Example 2-Young men have also forgotten to pull up their pants. This was a style some years ago when Mark Walberg was known as Marky Mark and did underwear commercials. It was a style that two years ago began to fade. Someone forgot to tell the Arizona connection. Nothing funnier than watching a young man with a pair a shorts hanging almost to his ankles, having to hold them up with one hand as he walks down the street. Pictures should be taken of these men, stored in a photo album, and secured until that man is thirty; then on his birthday, presented to him as what he use to wear. We older men have our leisure suit photos, the young—shorts dragging on the ground. Shorts in an Arizona summer is a required dress. It kills the functionality if you wear them long enough to cut off any fresh air circulation while both hands are filled, one with your pants and the other with your bag of pork rinds.


You combine these two examples on a young man walking down the street and one can not help but think that poor fellow has to write letters to his grandmother with a crayon and will spend the rest of his natural life working an assembly line sorting colored glass at the city’s recycling facility.


Now ladies, frankly, you’re perfect with some minor suggestions. Frankly, men have really no say in what you look like when we dress like that described above. But can we make some minor suggestion(s)?


Ever since we have accepted you and your shoe choices, which is a major realization of style and its importance in your self-esteem, we are left with only two minor things.


Spandex and moo-moo’s.


There are some things you need to be aware of. Young men (those wearing the crap above) will always be surface people. Your looks are what they are attracted to. Whether you can survive after your plane crashes on a deserted island never crosses their minds. What you looked like after you crawled from the wreckage—that’s the important part to them. The application of spandex is only good for one thing-the gym.


Women should never wear spandex past the age of twenty; in a climate where the daily temperature is over 100 degrees by eight o’clock in the morning; or the woman’s body mass would test the tinsel strength of the fabric weave.


Look ladies, here’s the thing, we are all in this life for the long haul. Those in the Donner party survived because they had something to survive on. Those skinny women who were so attractive to the others were the main course come supper time because their body mass index was so low they couldn't survive the blistering cold. They had no staying power. Embrace the fact that the average woman’s size in the United States is a size 12 and move on. Those women are survivors! You don’t need to wear moo-moo’s or whatever the Hawaiian name is for those one-piece dresses large women and some men wear unless comfort is your middle name. Those can be equally unsettling.


We had a neighbor once who lived behind us. She was from Greece or some place from the Ukraine, I think. She would climb up on a ladder leaning against our back wall and call to us holding her cigarette in one of those extended filter things that Natasha used in the Rocky and Bullwinkle Show (it was a cartoon). We all laid bets she was a former Russian tower guard in the Gulag at some time and used her ‘get away from the electric fence’ voice in callilng us. She wore those moo-moo things. She passed before spandex made a showing. Just the idea of her in eight yards of black Spandex is enough to cause a seizure. Bottom line is this-dress this summer with loose fitting, breathable clothes, comfortable shoes, hats facing front, carrying a bottle of water.

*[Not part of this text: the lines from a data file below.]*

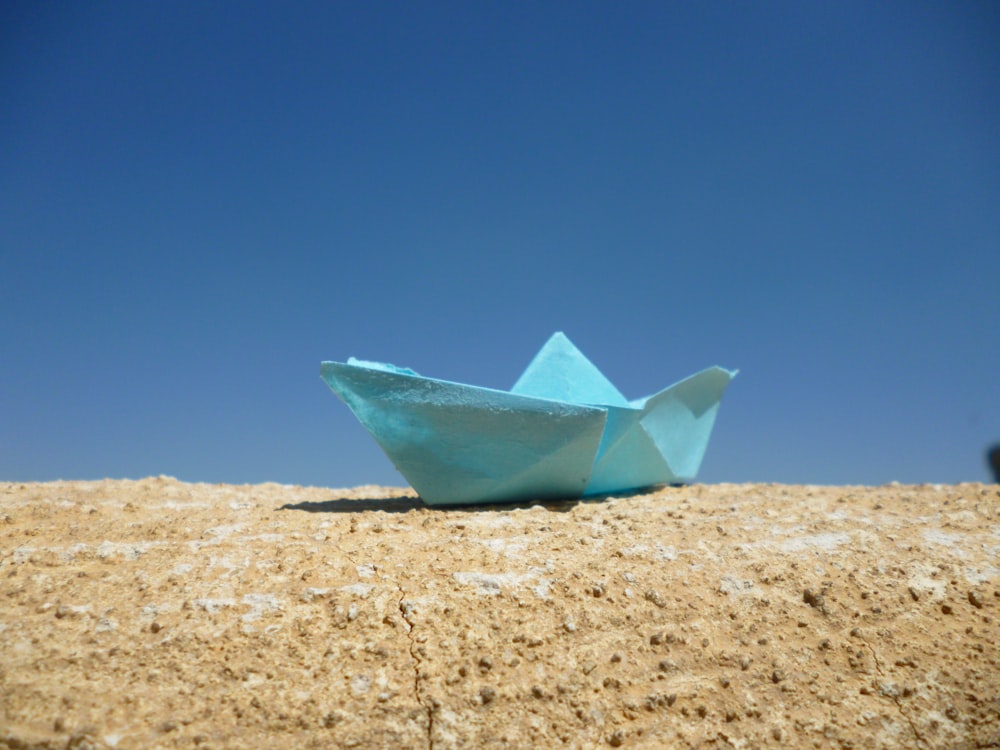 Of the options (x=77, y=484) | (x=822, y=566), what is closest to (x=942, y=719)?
(x=822, y=566)

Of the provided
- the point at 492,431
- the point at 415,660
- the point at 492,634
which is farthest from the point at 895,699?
the point at 492,431

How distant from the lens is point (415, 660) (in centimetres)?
387

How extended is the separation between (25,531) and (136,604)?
179cm

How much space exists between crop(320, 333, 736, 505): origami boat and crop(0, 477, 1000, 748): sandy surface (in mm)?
802

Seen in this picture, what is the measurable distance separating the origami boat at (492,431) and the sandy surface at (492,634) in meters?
0.80

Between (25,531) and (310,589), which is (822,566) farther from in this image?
(25,531)

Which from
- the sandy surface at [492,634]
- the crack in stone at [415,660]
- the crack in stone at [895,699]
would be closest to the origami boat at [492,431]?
the sandy surface at [492,634]

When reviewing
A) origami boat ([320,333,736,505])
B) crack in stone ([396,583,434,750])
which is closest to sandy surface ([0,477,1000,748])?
crack in stone ([396,583,434,750])

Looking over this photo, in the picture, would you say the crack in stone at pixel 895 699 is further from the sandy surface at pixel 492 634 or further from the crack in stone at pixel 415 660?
the crack in stone at pixel 415 660

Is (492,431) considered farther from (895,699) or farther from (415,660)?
(895,699)

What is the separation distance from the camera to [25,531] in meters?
5.20

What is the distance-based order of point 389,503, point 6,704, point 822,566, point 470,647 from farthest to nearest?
point 389,503 < point 822,566 < point 470,647 < point 6,704

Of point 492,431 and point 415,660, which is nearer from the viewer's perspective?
point 415,660

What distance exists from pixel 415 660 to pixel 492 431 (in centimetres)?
244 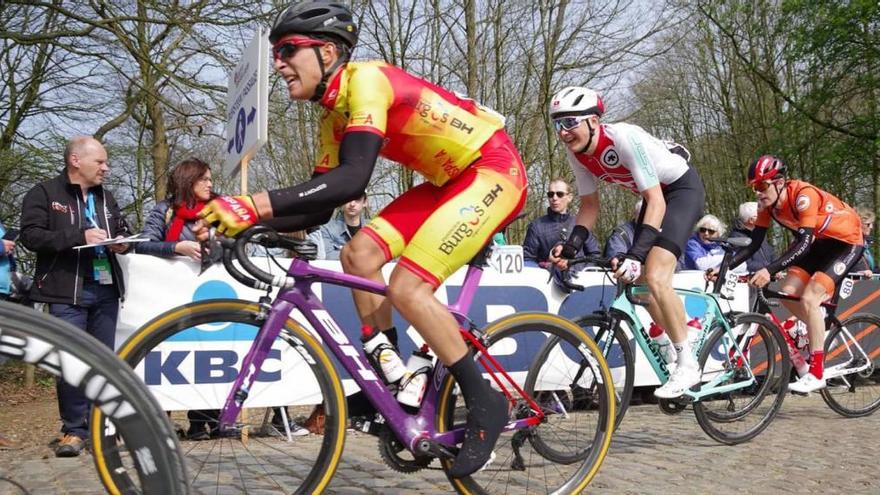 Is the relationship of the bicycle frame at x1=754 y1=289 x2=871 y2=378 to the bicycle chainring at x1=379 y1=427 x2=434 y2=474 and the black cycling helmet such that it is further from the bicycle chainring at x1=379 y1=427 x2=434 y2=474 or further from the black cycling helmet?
the black cycling helmet

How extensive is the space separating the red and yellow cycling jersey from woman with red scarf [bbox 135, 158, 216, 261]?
278 cm

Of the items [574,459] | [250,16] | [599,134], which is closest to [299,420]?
[574,459]

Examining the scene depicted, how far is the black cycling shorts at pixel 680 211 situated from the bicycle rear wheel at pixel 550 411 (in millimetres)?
1516

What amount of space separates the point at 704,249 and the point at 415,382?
6535 mm

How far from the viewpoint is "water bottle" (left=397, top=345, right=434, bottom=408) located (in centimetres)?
351

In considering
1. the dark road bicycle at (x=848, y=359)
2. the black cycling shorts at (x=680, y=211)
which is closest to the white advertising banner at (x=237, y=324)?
the black cycling shorts at (x=680, y=211)

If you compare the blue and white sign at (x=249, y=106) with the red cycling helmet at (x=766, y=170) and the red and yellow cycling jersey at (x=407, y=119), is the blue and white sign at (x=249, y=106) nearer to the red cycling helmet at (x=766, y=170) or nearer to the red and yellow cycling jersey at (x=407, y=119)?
the red and yellow cycling jersey at (x=407, y=119)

We can get all wrapped up in the hype of needing to wear this or that just to say we have this or that when we really need to dress to survive. When the first skinny person became the pot roast for the Donner group, I bet, if you could of asked them, they wished they would have bulked up a little bit before they got to that pass in the dead of winter. Yep, just a little bit of me thinks they were a size 12-or even a 14.